My Best Onboarding Experience… at a Chiropractor
Recently, I had a fantastic new customer experience at North Shore Chiropractic & Rehab here in Chattanooga.
Let me preface this: I have absolutely no incentive from North Shore Chiro to share this story, and this wasn’t prompted by them in any way. Truly, this is intended to encourage you to consider how you approach customers, not to promote North Shore Chiropractic.
For the sake of this conversation, I’d like to deflate the buzz out of the word “experience”. It’s really the pop-word defining the digital industry right now - everything is framed in terms of user experience. How does the service or app or website make you feel? How does it sound to your ears? How do you remember it? If it were a person, would it be your friend? Would you date it?
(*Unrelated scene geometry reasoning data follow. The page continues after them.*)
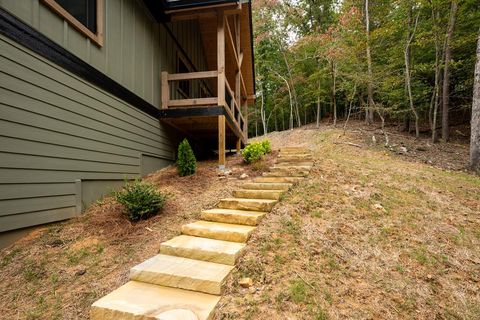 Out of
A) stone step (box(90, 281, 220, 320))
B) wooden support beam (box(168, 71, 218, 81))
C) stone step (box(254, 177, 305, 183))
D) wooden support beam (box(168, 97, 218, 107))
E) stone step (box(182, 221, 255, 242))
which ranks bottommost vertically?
stone step (box(90, 281, 220, 320))

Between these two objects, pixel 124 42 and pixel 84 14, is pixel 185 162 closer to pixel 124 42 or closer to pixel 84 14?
pixel 124 42

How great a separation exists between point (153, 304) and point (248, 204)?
2.19m

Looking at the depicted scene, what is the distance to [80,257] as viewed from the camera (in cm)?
313

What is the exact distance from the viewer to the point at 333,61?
14047 millimetres

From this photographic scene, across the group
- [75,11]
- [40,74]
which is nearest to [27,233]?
[40,74]

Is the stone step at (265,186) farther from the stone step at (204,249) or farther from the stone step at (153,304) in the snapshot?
the stone step at (153,304)

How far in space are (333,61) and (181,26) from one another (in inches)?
358

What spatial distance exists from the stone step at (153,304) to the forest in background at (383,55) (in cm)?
1059

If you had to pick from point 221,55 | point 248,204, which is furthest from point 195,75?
point 248,204

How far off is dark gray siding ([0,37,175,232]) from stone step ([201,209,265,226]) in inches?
86.1

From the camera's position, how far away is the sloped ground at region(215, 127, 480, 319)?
7.59 ft

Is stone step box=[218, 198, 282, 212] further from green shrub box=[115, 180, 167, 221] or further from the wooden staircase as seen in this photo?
green shrub box=[115, 180, 167, 221]

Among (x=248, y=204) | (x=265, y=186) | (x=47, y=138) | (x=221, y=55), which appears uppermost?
(x=221, y=55)

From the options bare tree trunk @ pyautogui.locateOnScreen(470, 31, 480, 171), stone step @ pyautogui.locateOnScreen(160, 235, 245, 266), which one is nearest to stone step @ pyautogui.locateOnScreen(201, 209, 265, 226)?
stone step @ pyautogui.locateOnScreen(160, 235, 245, 266) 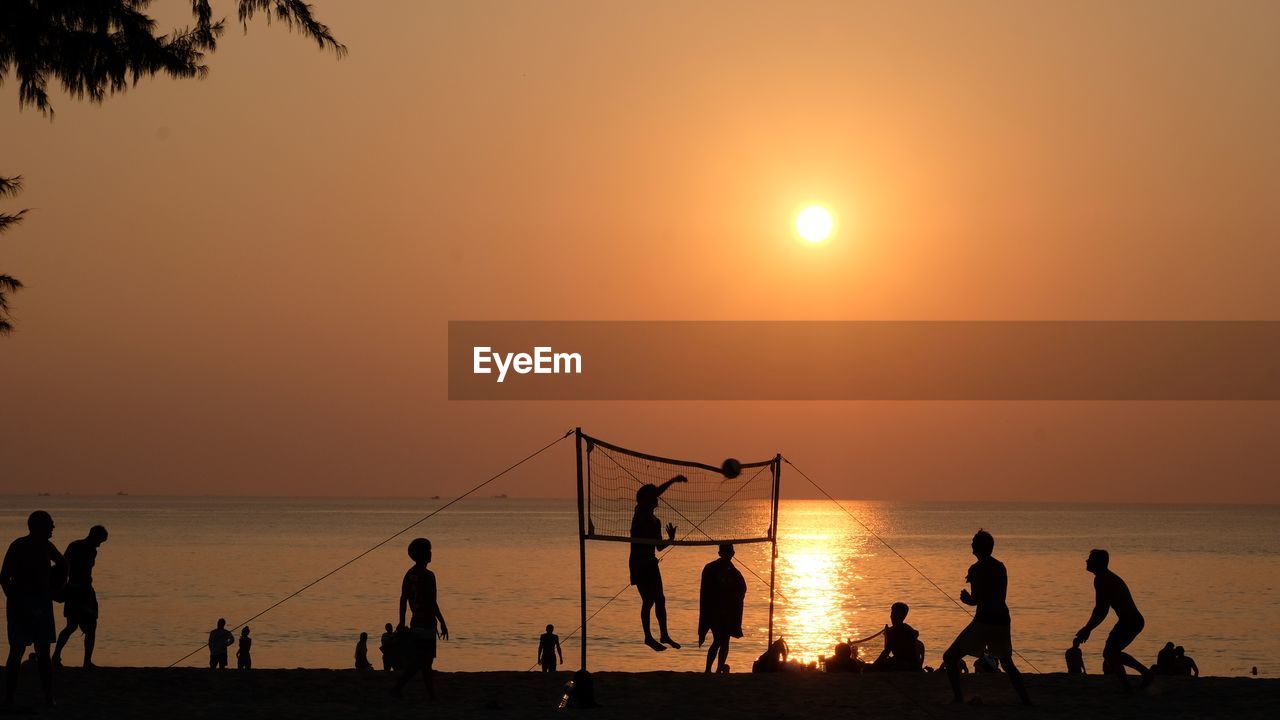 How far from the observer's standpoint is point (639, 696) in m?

It’s not all about experience, certainly. At the end of the day, your software-as-a-service has to do whatever the software part is, not just look pretty and make you feel good.
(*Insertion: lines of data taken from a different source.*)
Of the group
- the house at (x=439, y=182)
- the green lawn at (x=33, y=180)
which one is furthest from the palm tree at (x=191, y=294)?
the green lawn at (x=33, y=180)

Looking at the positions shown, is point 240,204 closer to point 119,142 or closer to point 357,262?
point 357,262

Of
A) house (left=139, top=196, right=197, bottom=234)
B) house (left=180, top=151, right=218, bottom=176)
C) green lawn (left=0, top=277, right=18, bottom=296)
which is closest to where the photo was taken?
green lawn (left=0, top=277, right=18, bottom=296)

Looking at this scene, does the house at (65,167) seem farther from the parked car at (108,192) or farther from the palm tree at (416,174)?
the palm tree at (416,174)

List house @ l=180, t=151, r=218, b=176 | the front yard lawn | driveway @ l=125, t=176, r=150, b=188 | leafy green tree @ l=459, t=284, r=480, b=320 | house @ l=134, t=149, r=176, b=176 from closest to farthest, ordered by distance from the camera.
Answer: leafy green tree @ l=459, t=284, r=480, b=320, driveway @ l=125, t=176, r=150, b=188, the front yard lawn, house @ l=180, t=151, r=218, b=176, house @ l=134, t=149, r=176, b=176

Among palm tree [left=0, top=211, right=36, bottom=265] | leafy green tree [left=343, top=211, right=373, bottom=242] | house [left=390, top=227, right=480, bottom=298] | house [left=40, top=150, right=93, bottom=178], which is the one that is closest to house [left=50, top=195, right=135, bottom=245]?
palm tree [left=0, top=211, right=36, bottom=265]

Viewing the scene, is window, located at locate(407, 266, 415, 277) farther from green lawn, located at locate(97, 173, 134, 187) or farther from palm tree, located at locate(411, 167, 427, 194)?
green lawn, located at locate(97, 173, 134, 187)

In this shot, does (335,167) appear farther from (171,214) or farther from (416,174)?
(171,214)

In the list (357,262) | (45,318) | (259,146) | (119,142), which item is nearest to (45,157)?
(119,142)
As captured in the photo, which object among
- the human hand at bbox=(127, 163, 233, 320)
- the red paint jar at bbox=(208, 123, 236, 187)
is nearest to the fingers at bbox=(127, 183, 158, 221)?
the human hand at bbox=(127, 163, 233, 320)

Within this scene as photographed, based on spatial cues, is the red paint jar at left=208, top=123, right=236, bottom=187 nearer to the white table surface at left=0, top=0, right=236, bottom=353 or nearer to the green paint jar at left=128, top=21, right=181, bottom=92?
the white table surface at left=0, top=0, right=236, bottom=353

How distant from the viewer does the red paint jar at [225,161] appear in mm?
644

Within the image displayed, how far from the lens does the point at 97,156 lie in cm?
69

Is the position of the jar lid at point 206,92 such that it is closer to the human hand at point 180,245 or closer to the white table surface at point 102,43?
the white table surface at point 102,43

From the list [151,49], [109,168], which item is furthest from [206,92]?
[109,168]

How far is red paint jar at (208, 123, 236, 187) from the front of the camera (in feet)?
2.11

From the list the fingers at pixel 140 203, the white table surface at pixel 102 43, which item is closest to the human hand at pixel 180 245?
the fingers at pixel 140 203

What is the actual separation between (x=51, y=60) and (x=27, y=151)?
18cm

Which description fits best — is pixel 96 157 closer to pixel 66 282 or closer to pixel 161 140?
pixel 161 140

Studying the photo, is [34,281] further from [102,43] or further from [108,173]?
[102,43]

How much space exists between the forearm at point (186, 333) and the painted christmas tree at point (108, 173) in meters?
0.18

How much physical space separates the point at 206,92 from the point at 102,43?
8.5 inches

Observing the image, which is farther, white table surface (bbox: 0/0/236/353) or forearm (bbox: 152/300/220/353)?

That being said, experience is certainly incredibly important, beyond the buzz. I don’t go to a chiropractor for the experience though.
See, I go to the chiropractor because I have general back pain and want to receive some training on how to improve my movement, posture, and health habits. If I can get that out of the chiropractor, he doesn’t have to be my friend.
Which is why it was so cool that my new chiropractor focuses so much on experience, and the new customer process.
You see, it isn’t really specifically difficult for a chiropractor to go above and beyond his competitors in this area. Few in-person businesses don’t really have much of a positive experience up front, especially waiting rooms. You fill out forms, you wait in line, you give up your insurance card… It’s not difficult to beat that. But it does take a concerted decision to do so.
North Shore Chiro made that effort. I got a tour of the facility, a gift, and a personal, lengthy consultation with the chiropractor. Not only that, but everyone in the building already knew my name the first time I walked in the door. On return visits, I receive free drinks and personal service similar to the first visit. My chiropractor knows my birthday, and thus my age. It’s simple, but you know what? I appreciate that effort. He doesn’t have to be my friend, but it doesn’t hurt that he acts like my friend.
How are you treating your new customers? How are you making incredible, unique, above-average experiences for your new customers, regardless of what you do?